What you need to do: Using the records below, transcribe exactly only the lines from the one with "Charnières de porte" through the end, both included, and drop every picture.

Records from a collection:
:::::
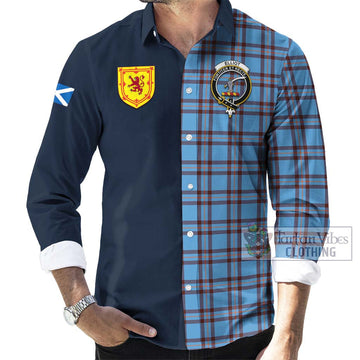 Elliot Ancient Tartan Long Sleeve Button Shirt Alba with Scottish Lion Royal Arm Half Style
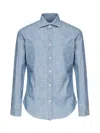 Eleventy Slim Fit Denim Shirt With Double-use Cuffs In Blue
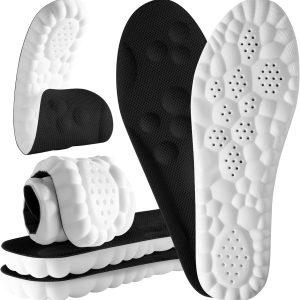 4D Cloud Steppers Insoles for Men and Women - Inserts, Soft, Memory Foam Insoles for Shoes, Boots & Sneakers (Black, Men: US 7-10/ Women: US 8.5-12)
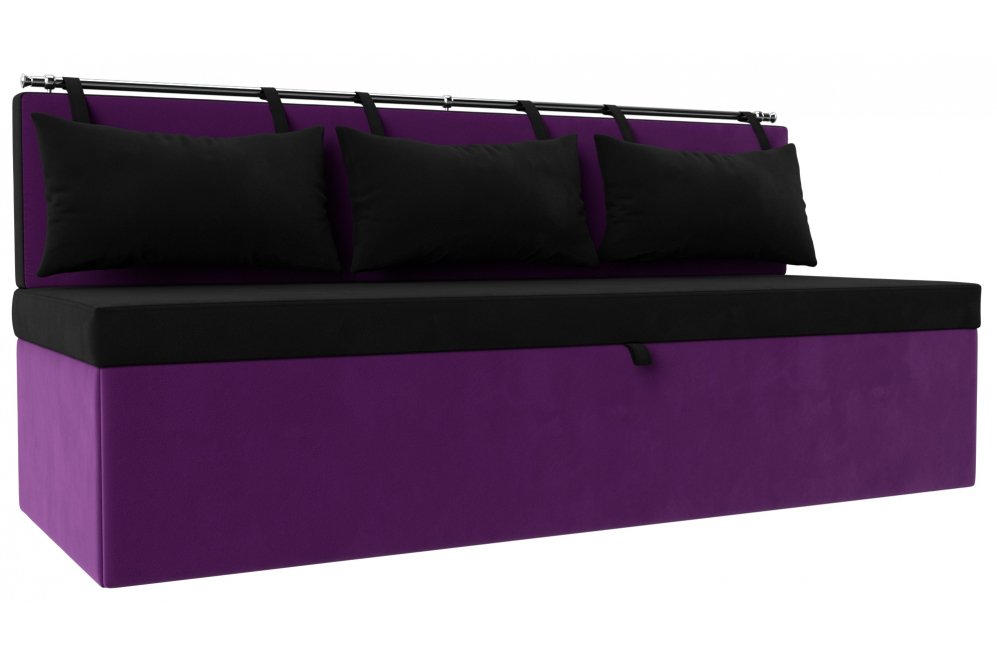 Кухонный диван Метро микровельвет черно-фиолетовый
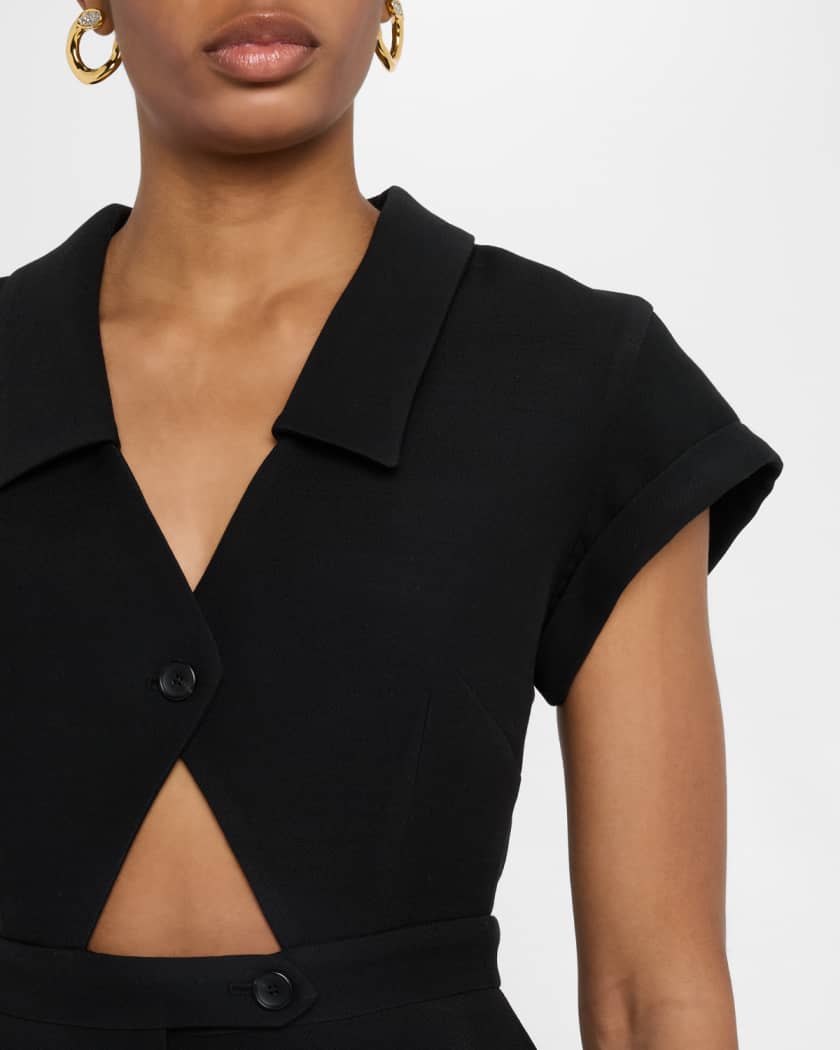 Ana Short-Sleeve Cutout Peplum Top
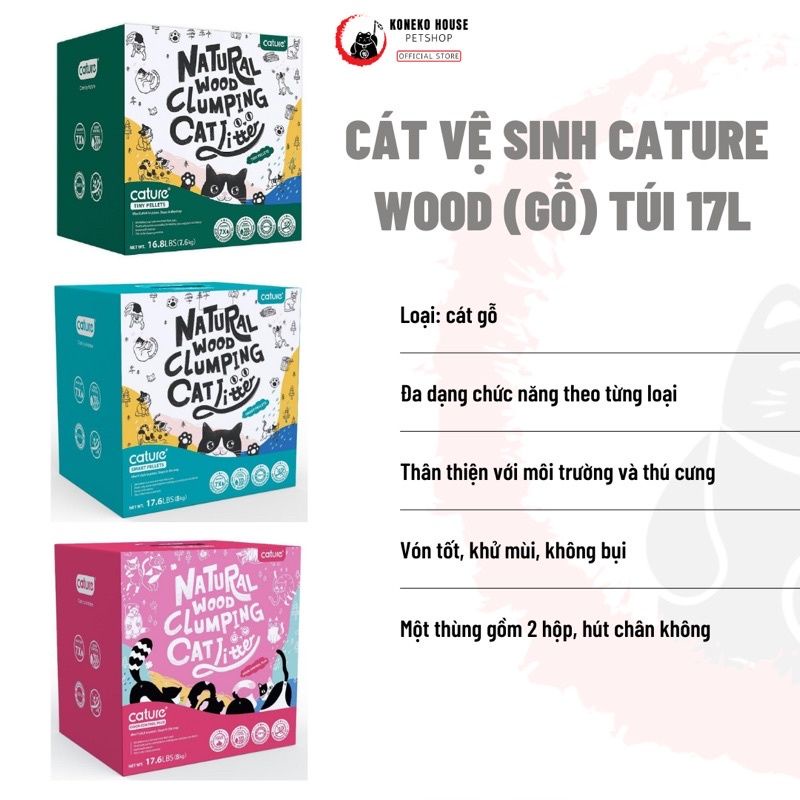 Cát gỗ vệ sinh cature 17.6 Lit cho mèo siêu sạch thải qua bồn cầu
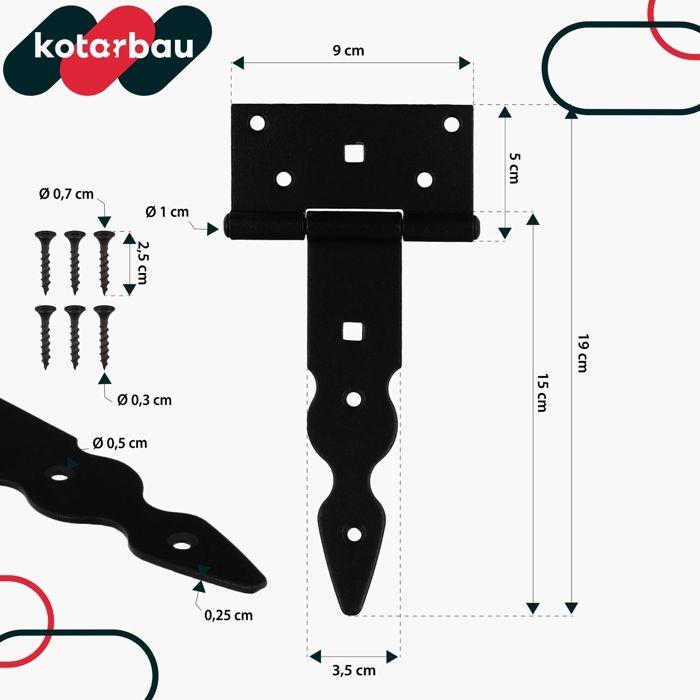 Charnières de porte - KOTARBAU - 150 mm - Acier galvanisé - Revêtement en poudre - 2pcs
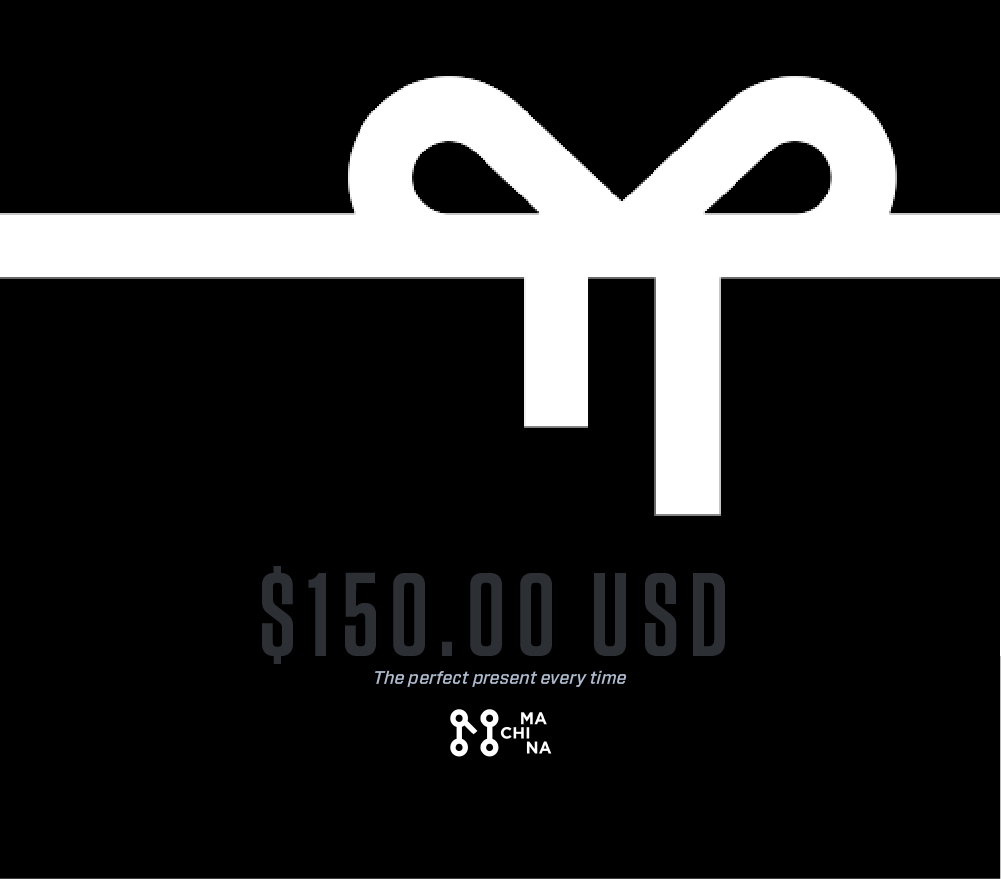 A Machina Wearable Technology gift card, featuring a white ribbon design on a black background, displays the text $150.00 USD and carries the tagline "The perfect present every time," making it ideal for discovering our smart clothing collection. The Machina logo is prominently positioned at the bottom.
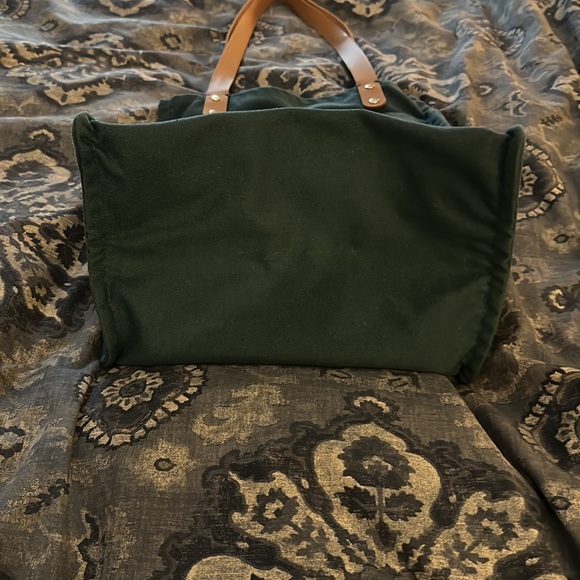 Blue canvas tote bag with leather straps $59 - Picture 3 of 9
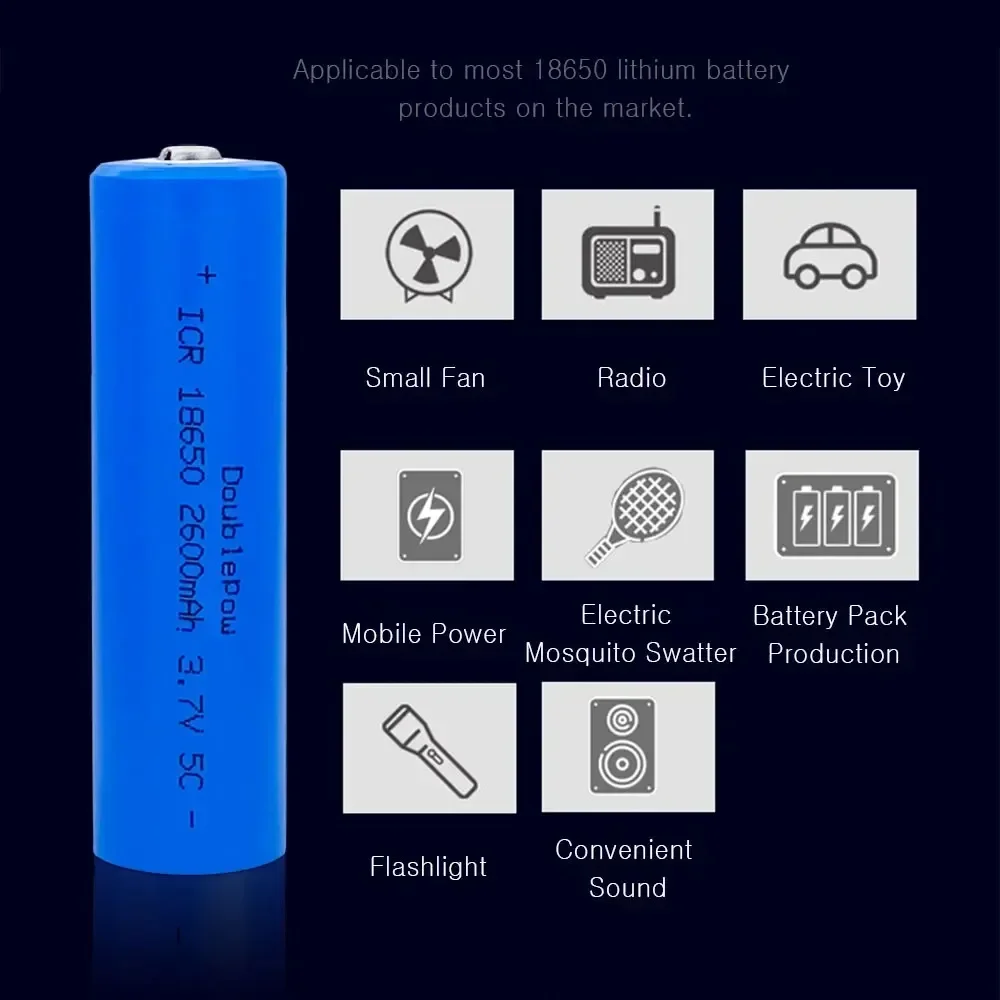 Doublepow-bateria Recarregável Icr 2600mah Bateria de Lítio Li-po Apontada Brinquedo Elétrico Campainha Ventilador Lanterna 18650 3.7v - Image 2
:::::
Task response:
 Charnières de porte - KOTARBAU - 150 mm - Acier galvanisé - Revêtement en poudre - 2pcs
 A Machina Wearable Technology gift card, featuring a white ribbon design on a black background, displays the text $150.00 USD and carries the tagline "The perfect present every time," making it ideal for discovering our smart clothing collection. The Machina logo is prominently positioned at the bottom.
 Blue canvas tote bag with leather straps $59 - Picture 3 of 9
 Doublepow-bateria Recarregável Icr 2600mah Bateria de Lítio Li-po Apontada Brinquedo Elétrico Campainha Ventilador Lanterna 18650 3.7v - Image 2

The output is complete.